▸ **Stored data**:

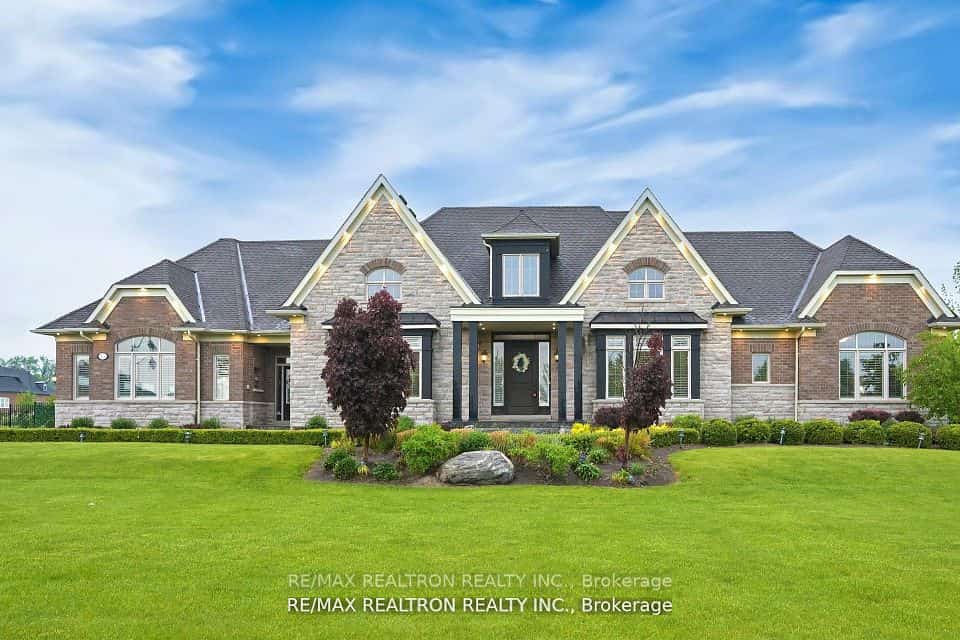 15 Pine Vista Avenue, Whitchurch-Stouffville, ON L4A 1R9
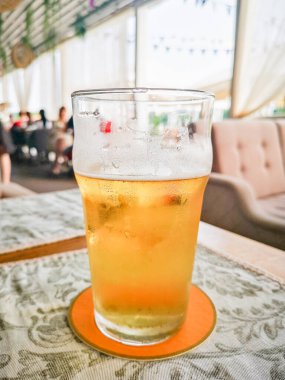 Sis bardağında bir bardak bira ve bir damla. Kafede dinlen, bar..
==
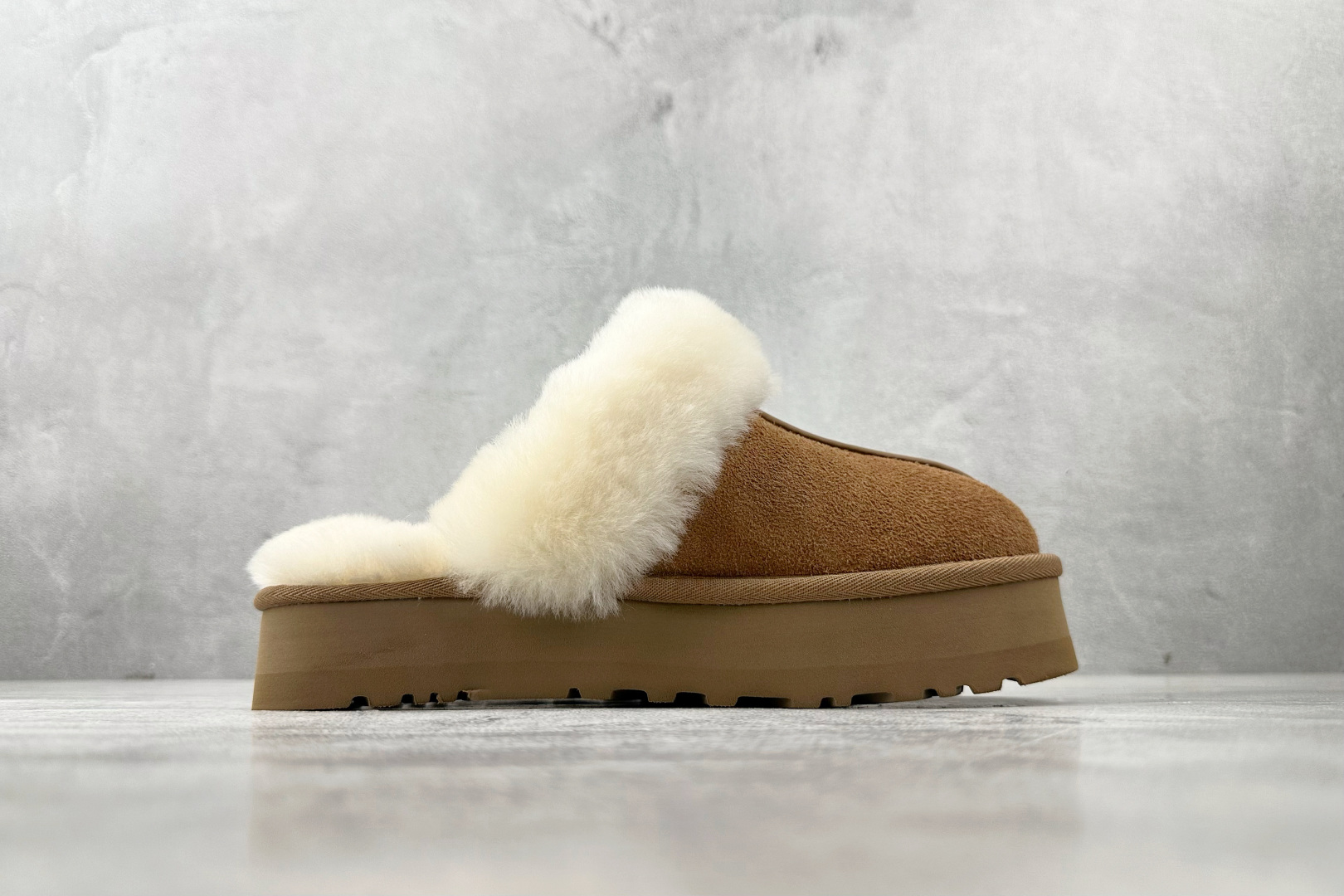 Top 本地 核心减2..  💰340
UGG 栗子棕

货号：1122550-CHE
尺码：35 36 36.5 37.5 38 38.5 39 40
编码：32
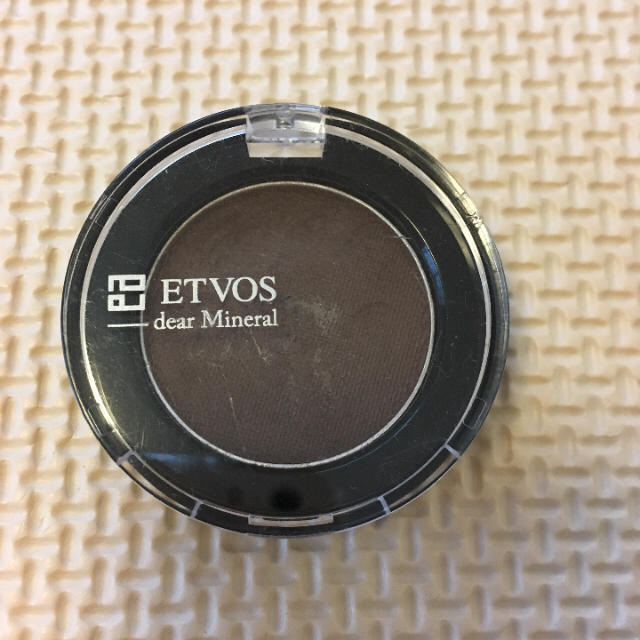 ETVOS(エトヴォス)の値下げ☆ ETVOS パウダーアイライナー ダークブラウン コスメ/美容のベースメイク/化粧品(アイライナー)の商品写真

▸ **Directions for this task**: Skip every picture, and restate word for word only the lines above from the line containing "尺码：35 36 36.5 37.5 38 38.5 39 40" to the line containing "ETVOS(エトヴォス)の値下げ☆ ETVOS パウダーアイライナー", both of them included.

▸ **Written solution**:
尺码：35 36 36.5 37.5 38 38.5 39 40
编码：32
 ETVOS(エトヴォス)の値下げ☆ ETVOS パウダーアイライナー ダークブラウン コスメ/美容のベースメイク/化粧品(アイライナー)の商品写真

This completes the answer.